Pemanfaatan energi transisi ini memosisikan Indonesia menjadi salah satu negara yang penting karena Indonesia memiliki kekayaan sumber alam. Oleh karena itu, peluang Indonesia sangatlah terdepan untuk menjadi ‘key player’ dalam pemanfaataan energi teransisi tersebut.
“Indonesia mesti mendapatkan keuntungan dalam kesempatan ini karena Indonesia sangat kaya dengan sumber daya alam yang bisa mendukung teknologi-teknologi baru dalam penerapan energi baru terbarukan sehingga perlu memagari dalam pemanfaatannya dengan ecological integrity,” tutup Khalid.
Hilirisasi sendiri adalah suatu proses transformasi ekonomi berkelanjutan di mana kebijakan industrialisasi berbasis komoditas bernilai tambah tinggi, menuju struktur ekonomi yang lebih kompleks.

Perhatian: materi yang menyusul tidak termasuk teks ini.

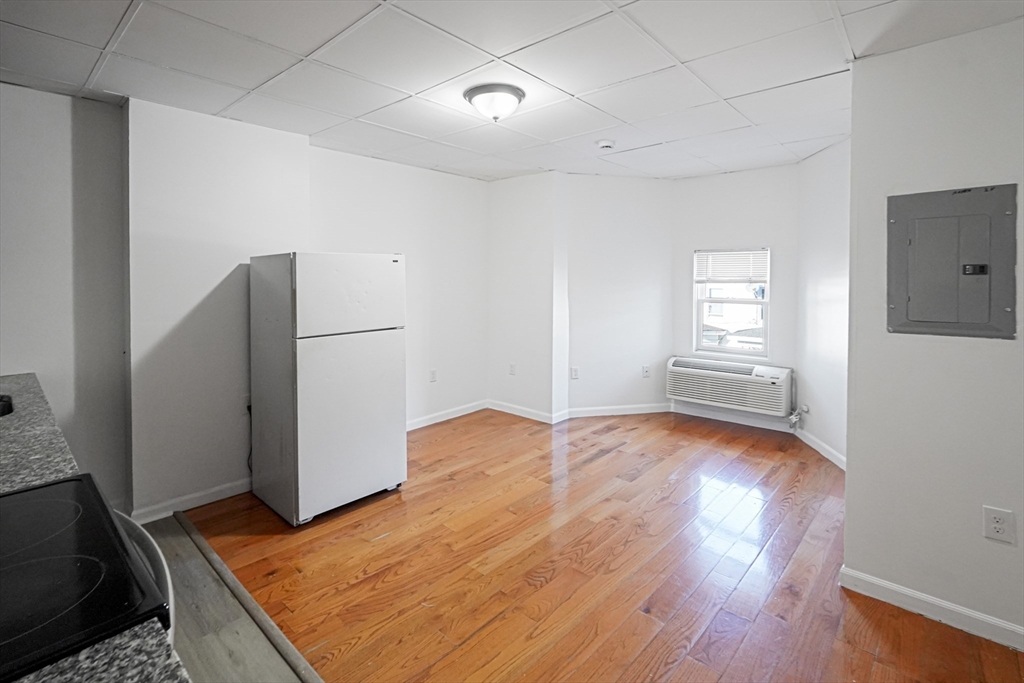 8-10 Allen Street 2F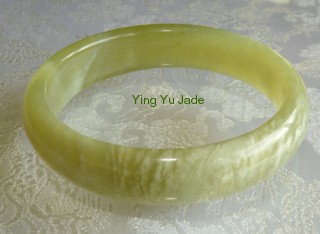 jade bangle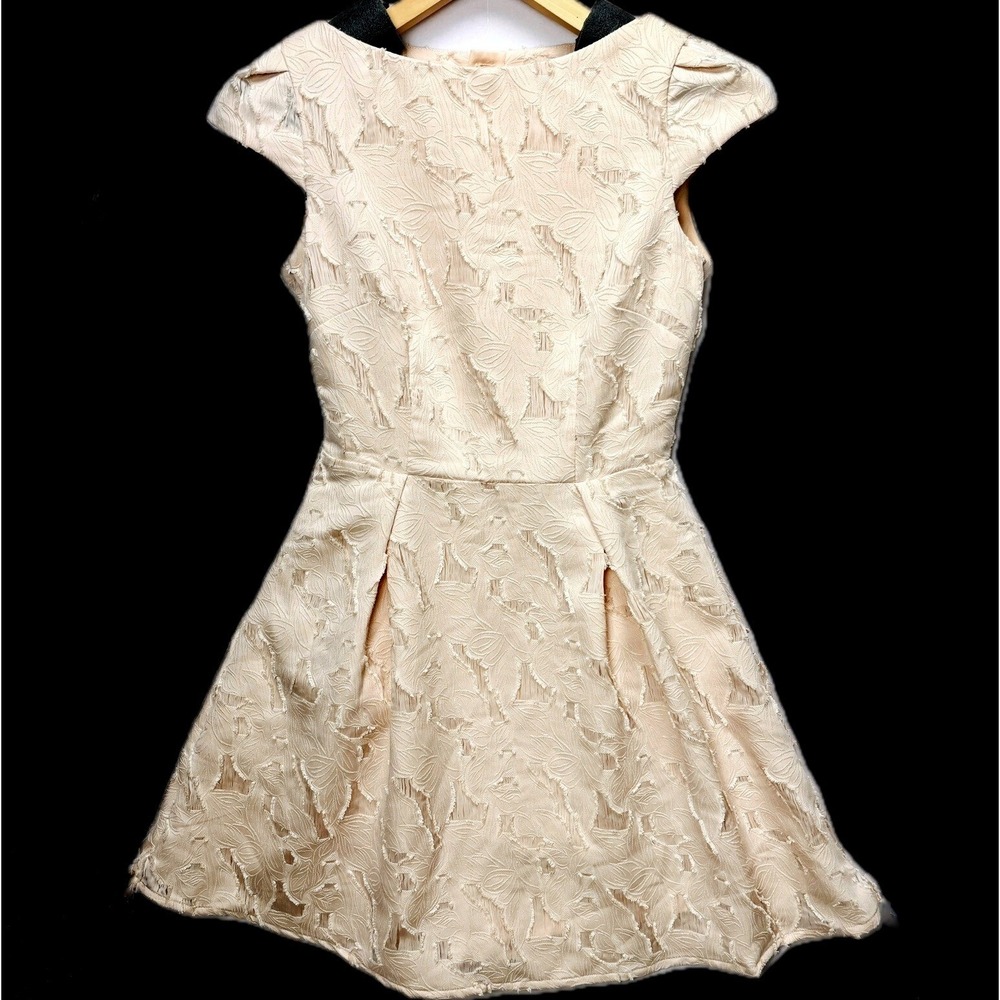 H&M Skater Dress Size 6 Blush Ballet Pink Floral Lace Cutout‎ NEW Fit Flare Y2K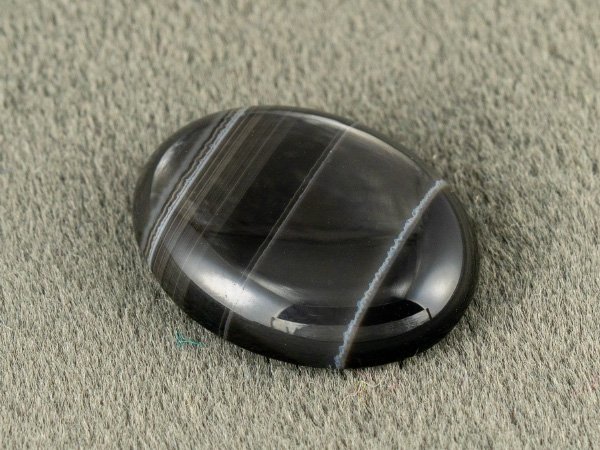 Sulemani Hakik 7.92 Carat side profile showing 4.3 mm cabochon depth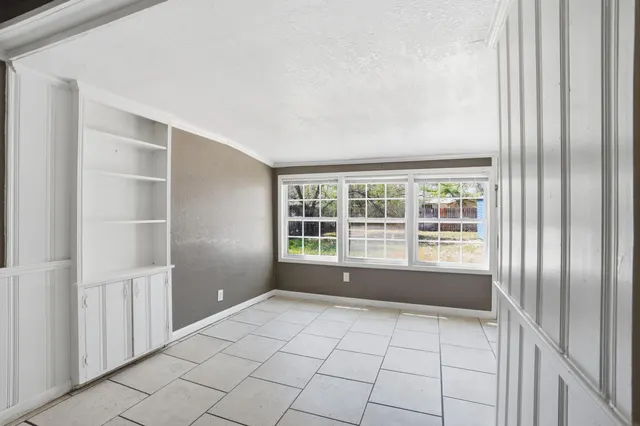 Photo 2 — 2209 25th Street, Lubbock, TX 79411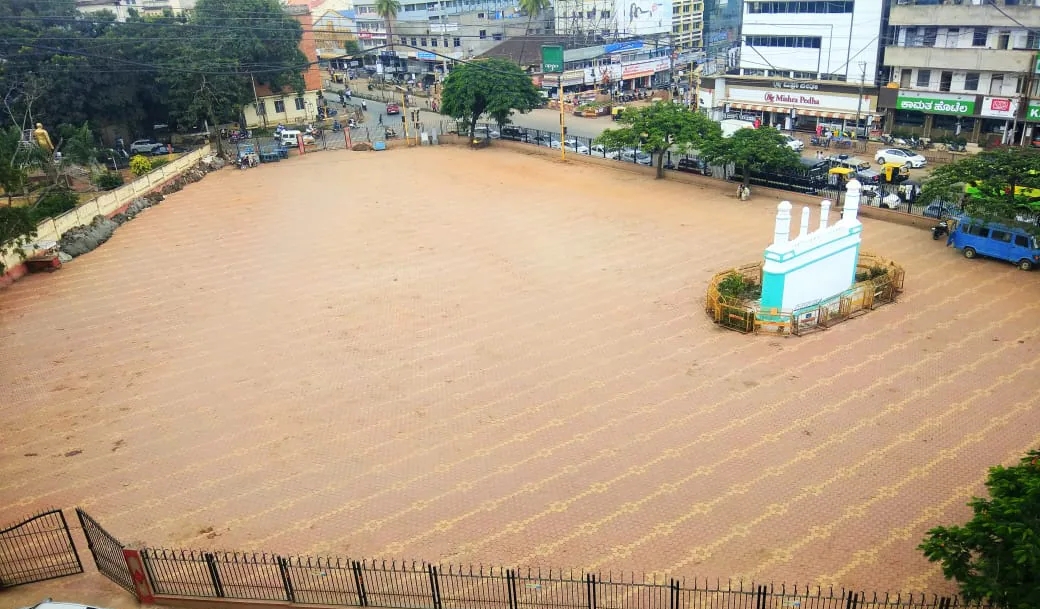 Congress govt had opened fire on Hindus for trying to hoist tricolour at Hubli Idgah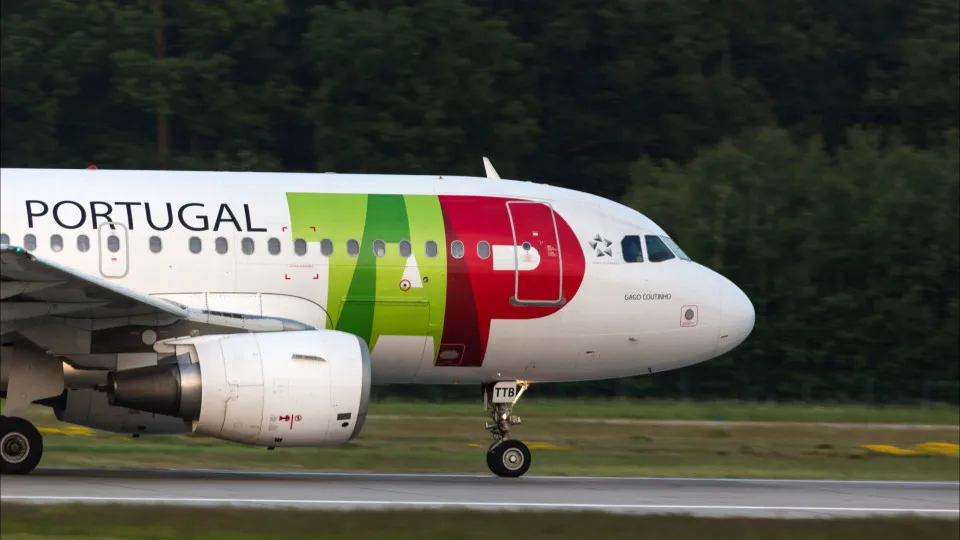 Suspension of flights to Venezuela causes concern for Christmas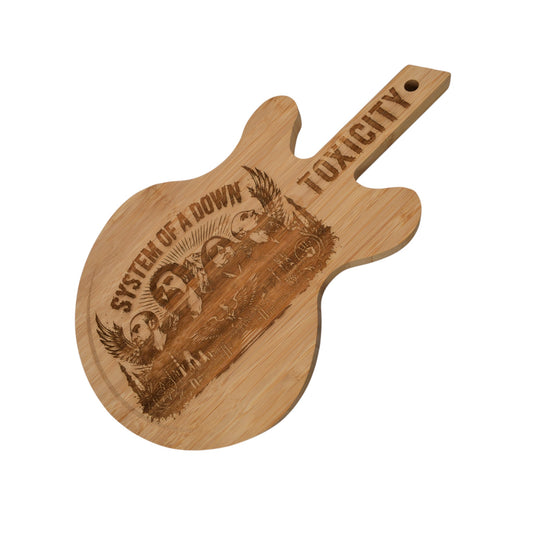 Plateau en bois en forme de guitare gravé inspiré de System of a Down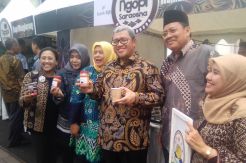Aher Ajak Masyarakat Nikmati Kopi dan Teh Berkualitas di Gedung Sate Festival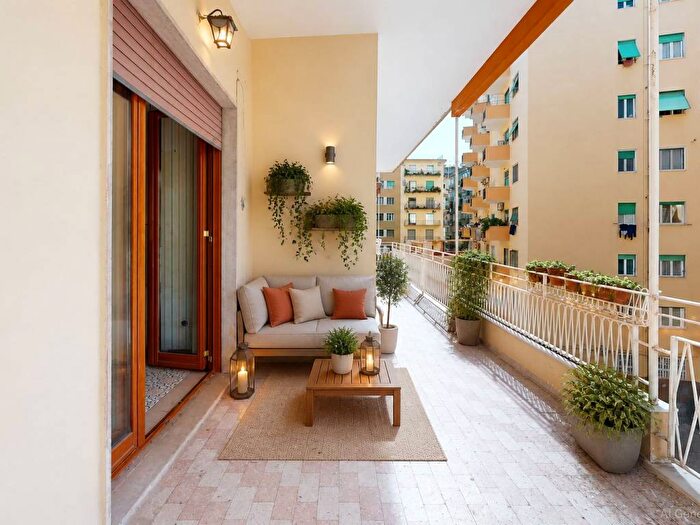 Appartamento con 5 locali in vendita in Via Mario Costa, Vomero, Napoli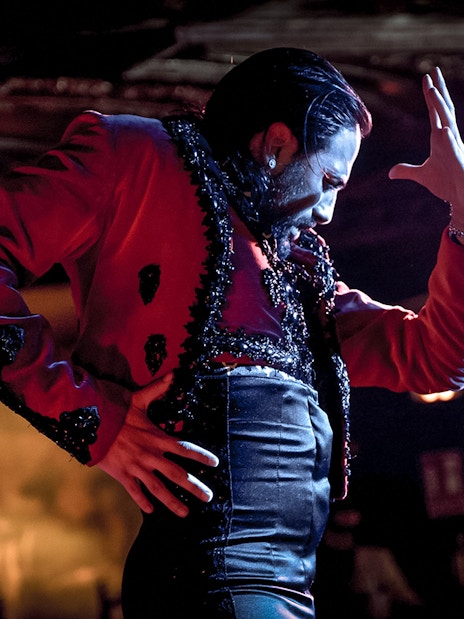 Flamenco dancer performing at Tablao Flamenco 1911.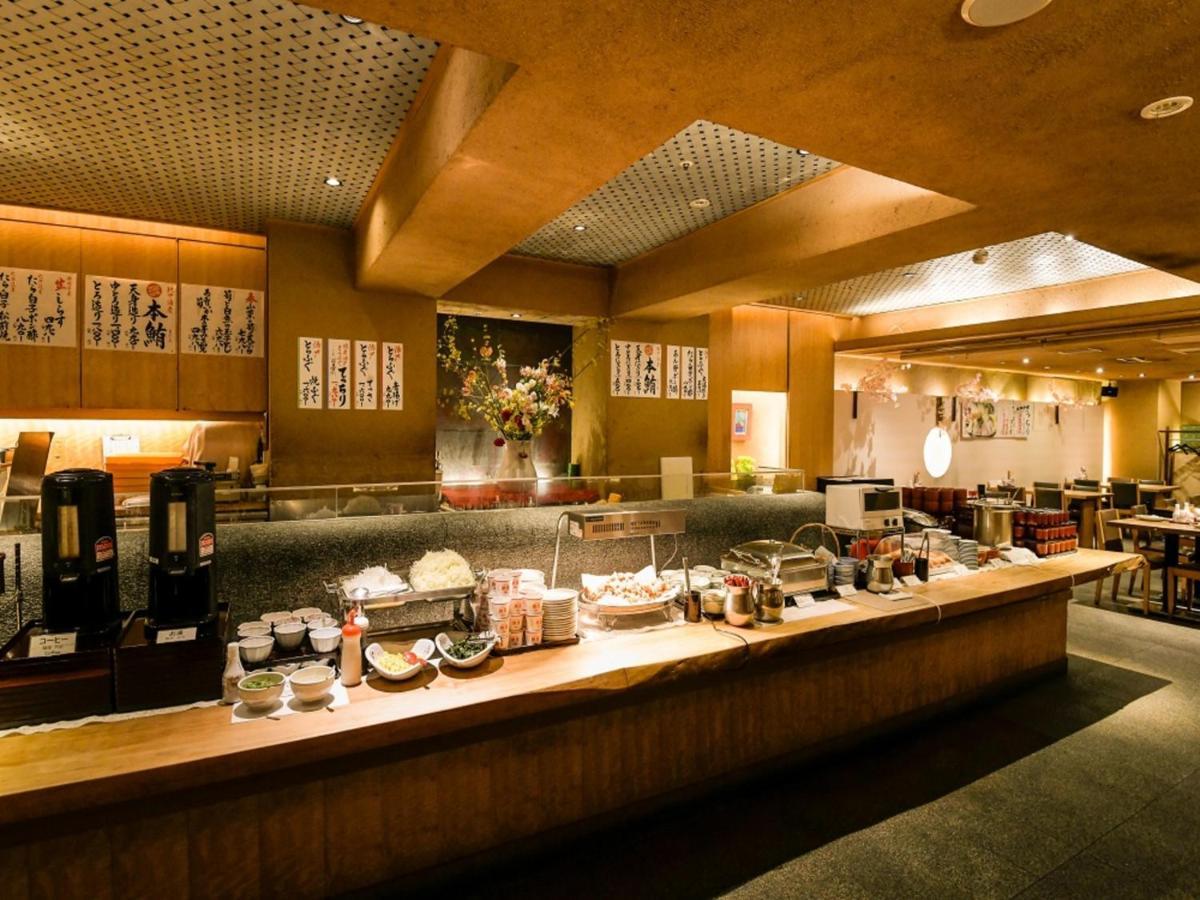 Via Inn Shin Osaka West Экстерьер фото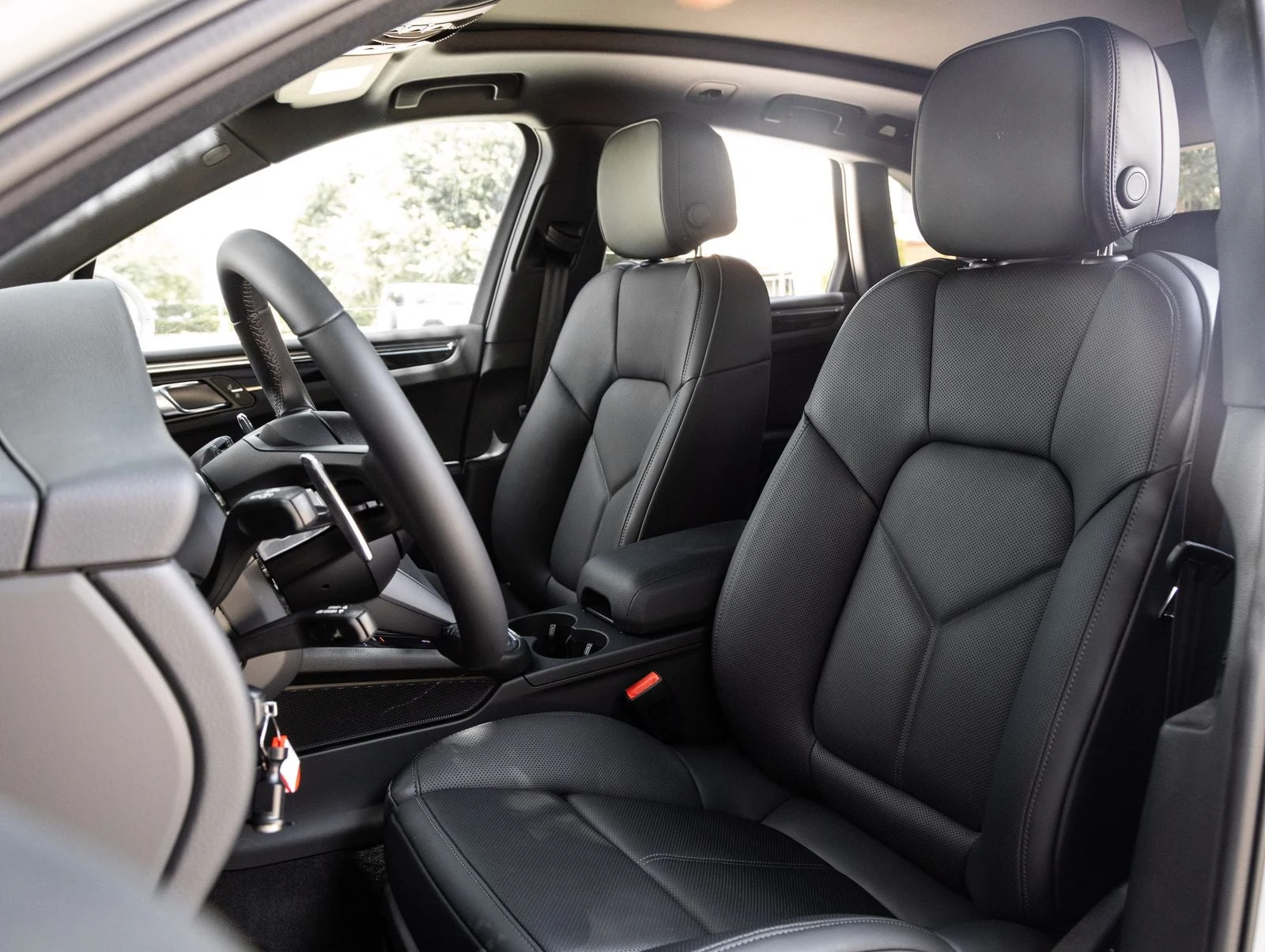 2026 Porsche Macan (95B), 5/20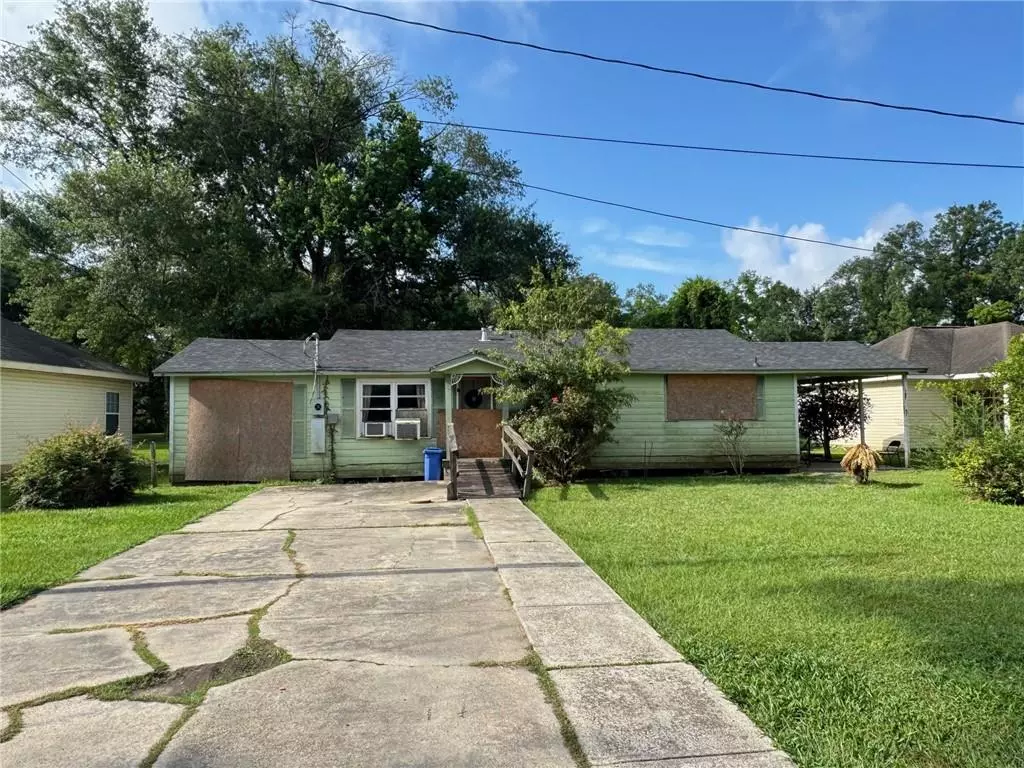 Hammond, LA 70401,1407 LIVE OAK DR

Dengan hilirisasi, komoditas yang tadinya di ekspor dalam bentuk mentah atau bahan baku menjadi barang setengah jadi atau jadi. Contoh hilirisasi di Indonesia adalah produk batu bara yang dioptimalkan menjadi produk-produk turunan, seperti pupuk organik, briket, metanol, dan kokas. Lalu, contoh hilirisasi lainnya adalah nikel yang diolah menjadi logam antikarat atau baterai.
Sebagai penutup, dalam konteks diskusi ini, Chairman Discordia, Khalid Zabidi, menegaskan bahwa peran alumni muda ITB sangat penting dalam menyumbangkan ide-ide inovatif terkait transisi energi menuju green and blue energy di Indonesia. Diskusi tidak hanya berfungsi sebagai tempat berbagi pandangan yang beragam, tetapi juga sebagai langkah nyata menuju ketahanan energi dan penurunan emisi gas rumah kaca di tanah air. Khalid mengajak para alumni untuk terlibat aktif dalam upaya bersama menciptakan solusi berkelanjutan bagi masa depan energi Indonesia.